Im Mittelpunkt stünden nach seinen Worten Entscheidungen, die nach Beratungen mit Militär- und Nachrichtendienstchefs getroffen worden seien; Vergeltungsaktionen seien bereits genehmigt worden. In seiner nächtlichen Ansprache verwies der Präsident auf einen Angriff in der zentralrussischen Stadt Ryazan, den das ukrainische Militär als Teil einer Reihe von Langstreckenoperationen bezeichnete. Russische Stellen meldeten in der Folge ein großes Feuer in einer örtlichen Ölraffinerie.

Zugleich gehörte die Attacke auf die Raffinerie zu einem umfangreicheren Drohnen- und Langstreckenangriff, der mehrere Regionen in Russland traf. Diese Operationen folgten auf die schweren russischen Raketen- und Drohnenangriffe gegen die Ukraine, die sich über drei Tage erstreckten. Die Eskalation steht im Kontrast zu jüngeren Äußerungen über eine mögliche Annäherung an ein Kriegsende.
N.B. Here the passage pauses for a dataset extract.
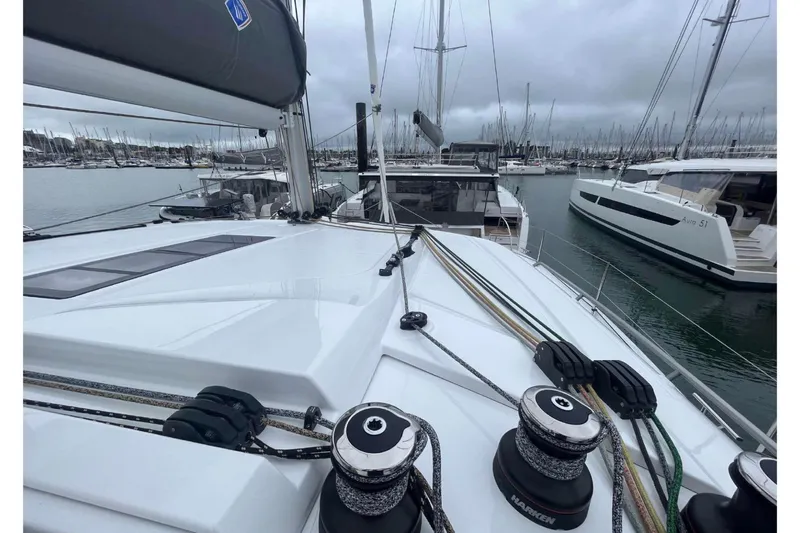 Fonn Taistil Domhain Yacht Photos Pics 2025 Fountaine Pajot 41 catamaran docked in a marina, surrounded by sailboats.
Daneben wurde hervorgehoben, dass Angriffe auf russische Energieinfrastruktur seit Beginn des Jahres zugenommen hätten. Russische Stellen in sozialen Medien berichteten von einer Verdopplung der angegriffenen Raffinerien; die Berichte stellen diese Entwicklung als belastend für Russlands Ölproduktion und Haushaltslage dar. Demnach habe die Kampagne Auswirkungen über taktische Ziele hinaus.

Unterdessen zeichnet sich auch eine wachsende humanitäre Krise in der Ukraine ab: Die Weltgesundheitsorganisation meldete einen deutlichen Anstieg psychischer Belastungen in der Bevölkerung. Fachleute warnten vor weitreichenden Folgen von Angst, Stress und Schlafstörungen, die langfristig die Gesellschaft prägen könnten.